__Work order__.
Only the lines running from the line with "GLITTER and Grace" to the end of the listing below should be copied, exactly, without pictures.

__Data excerpts__.
↓
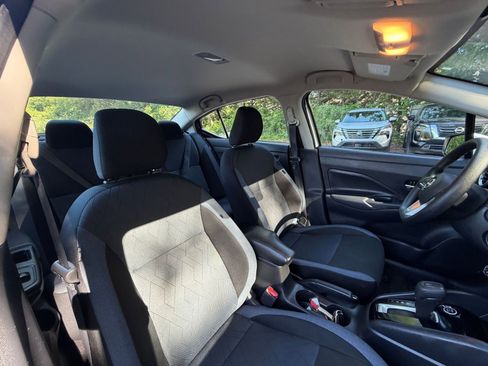 Used 2025 Nissan Versa SV FWD image 34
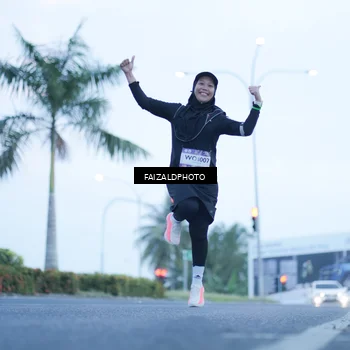 Runner Photo 7755079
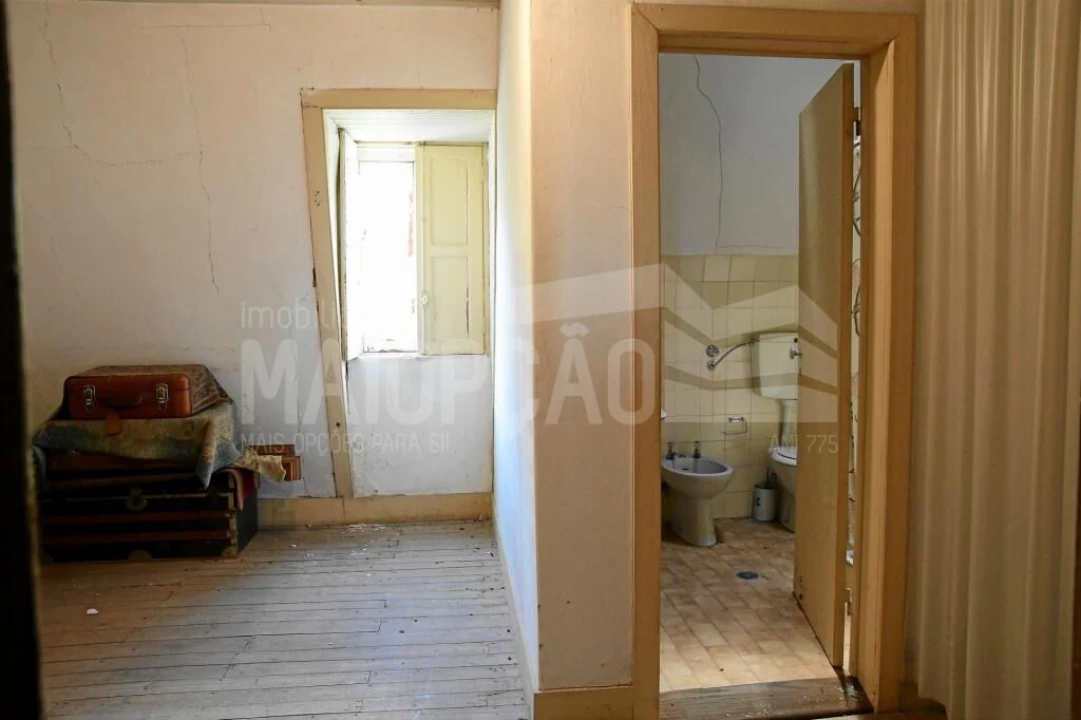 Moradia T0 para Venda em Tortosendo Foto 23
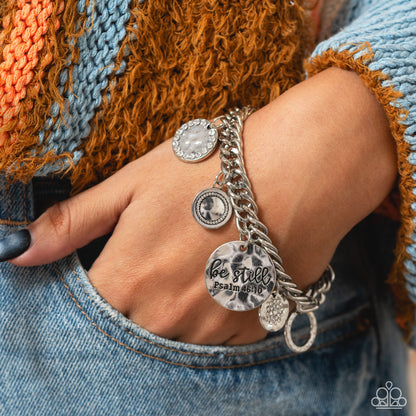 GLITTER and Grace - white - Paparazzi bracelet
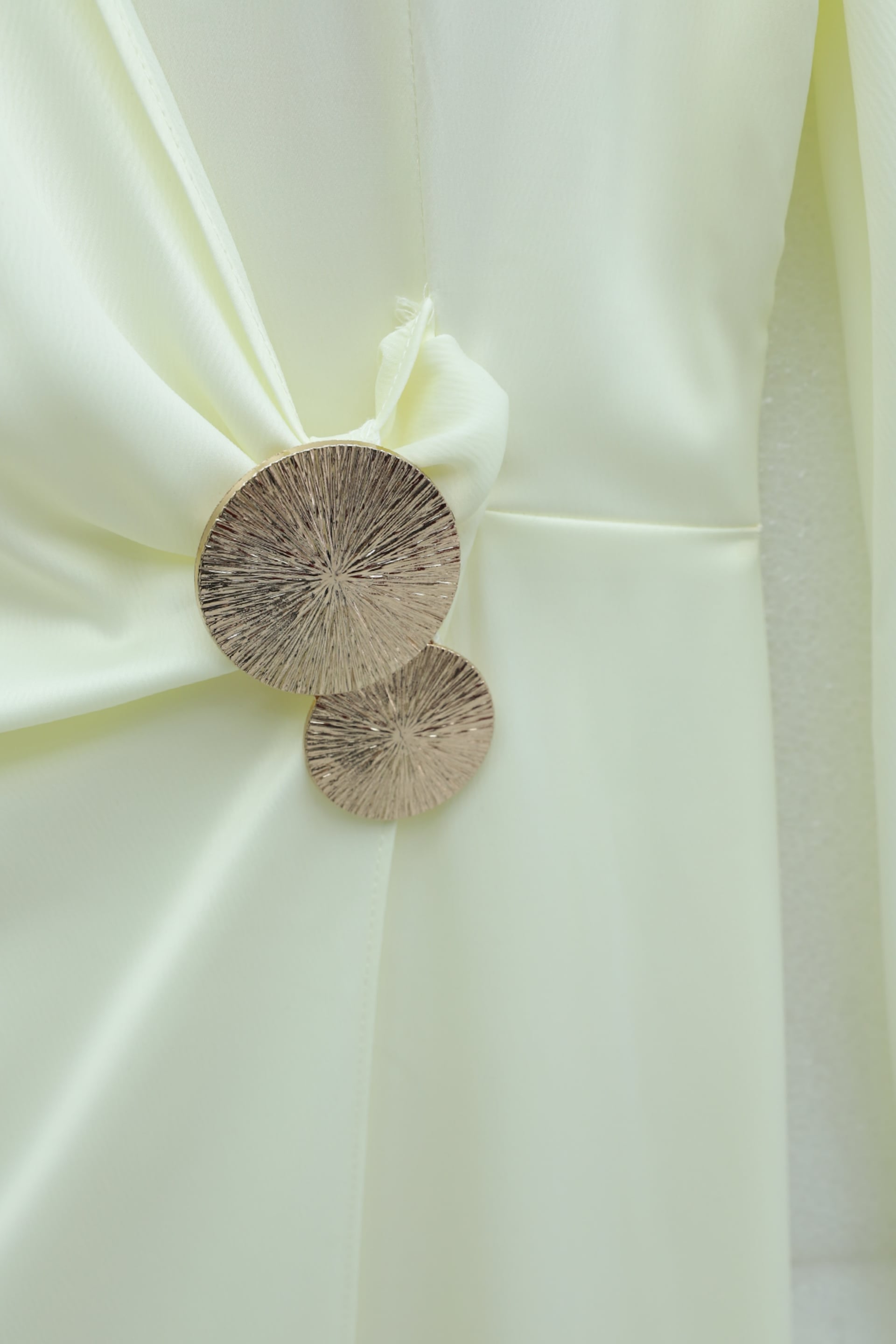 Ivory Satin Evening Dress with Buckle Detail and Asymmetric Sleeves - Podyumplus - by Peralane - photo 7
↑
__Task result__.
 GLITTER and Grace - white - Paparazzi bracelet
 Ivory Satin Evening Dress with Buckle Detail and Asymmetric Sleeves - Podyumplus - by Peralane - photo 7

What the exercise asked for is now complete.